Nineteenth century American merchant

Jonathan Russell (1825–1876) was an American merchant and diplomat who spent most of his life in the Philippines.

== Early life ==
Russell was born in Mendon, Massachusetts on 10 September 1825, to Jonathan Russell and his second wife, Lydia Smith Russell. The elder Russell was a prominent early Republican statesman, serving as the American Chargé d'Affaires in Paris in 1810, and in London 1811–1814; the American Minister Plenipotentiary in Sweden 1814–1818; and a Member of Congress 1821–1825.

== Career ==
In 1846, aged 21 years, Jonathan Russell relocated to Manila to become a partner in Russell & Sturgis, a trading house co-founded in 1828 by his elder half-brother, George Robert Russell. George Russell travelled to Asia in the employ of Perkins & Company, an eminent trading house based in Canton and Salem, and established his own company in Manila after managing Perkins & Company’s affairs there. George Russell “retired from the Orient” in 1835, opening the way for his half-brother to follow in his footsteps. Jonathan Russell eventually became a senior partner in the firm. Russell & Sturgis was one of the two largest American trading houses in the Philippines, and, in addition to conducting international trade in hemp and other commodities, served as a de facto bank for local investors.

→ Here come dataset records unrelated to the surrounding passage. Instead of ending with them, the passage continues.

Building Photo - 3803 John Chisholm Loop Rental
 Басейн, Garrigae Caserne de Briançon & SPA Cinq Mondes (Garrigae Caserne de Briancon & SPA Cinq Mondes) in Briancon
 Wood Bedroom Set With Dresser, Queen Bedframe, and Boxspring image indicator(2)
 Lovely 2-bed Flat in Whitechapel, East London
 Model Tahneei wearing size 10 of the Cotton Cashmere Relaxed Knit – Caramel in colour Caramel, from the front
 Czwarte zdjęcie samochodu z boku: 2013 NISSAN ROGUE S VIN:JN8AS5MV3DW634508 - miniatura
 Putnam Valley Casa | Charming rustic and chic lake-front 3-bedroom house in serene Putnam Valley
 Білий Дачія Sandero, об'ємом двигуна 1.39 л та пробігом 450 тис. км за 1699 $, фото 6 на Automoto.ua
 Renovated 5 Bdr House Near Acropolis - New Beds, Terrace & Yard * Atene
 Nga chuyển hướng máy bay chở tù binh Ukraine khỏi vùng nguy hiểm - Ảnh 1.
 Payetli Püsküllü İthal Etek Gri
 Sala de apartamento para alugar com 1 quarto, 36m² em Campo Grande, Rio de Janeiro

In 1857, Russell invested heavily in a steam-powered cordage factory outside of Manila, established by one of his compatriots. In addition, he and his business partner, Edward H. Green, served as acting U.S. Consuls from 1861 through 1864. Russell received an official appointment as Vice Consul in 1864 (although his official supervisor was a political appointee who never left Washington D.C.).

Russell “gave big dinners and receptions, almost nightly, and kept practically open house at Manila, where the fame of his social activity spread over the archipelago, giving a reputation for wealth and prominence to his concern [Russell & Sturgis] that dwarfed all competitors.”

== Death and legacy ==
Russell fathered three children, who remained in the Philippines after his death in 1876. As Russell was listed as “unmarried”, his children were not recognized in the United States. (Note: Russell excluded his children from his will, which left his estate to be divided between his two sisters and a nephew. The children successfully petitioned the judge overseeing Russell’s estate for a small share of the estate, about $5,000.)

In 1872, Russell & Sturgis was doing sufficiently well that Russell paid $250,000 for a share of the firm owned by Edward H. Green, (Note: Edward H. Green was the husband of Hetty Green, a notoriously miserly businesswoman.) a longtime friend and business partner. The following year, British diplomatic pressure forced the Spanish government to permit British banks to extend their operations to the Philippines. Competition with these banks forced Russell & Sturgis into bankruptcy in 1876, shortly after Russell’s death. Russell’s executors discovered that he owned less than $160,000 worth of property, but was liable for nearly $70,000 in personal debts, and partly liable for the more than $1.5 million that the bankrupt Russell & Sturgis owed to its creditors. The majority of the estate paid Russell’s outstanding debt to Green.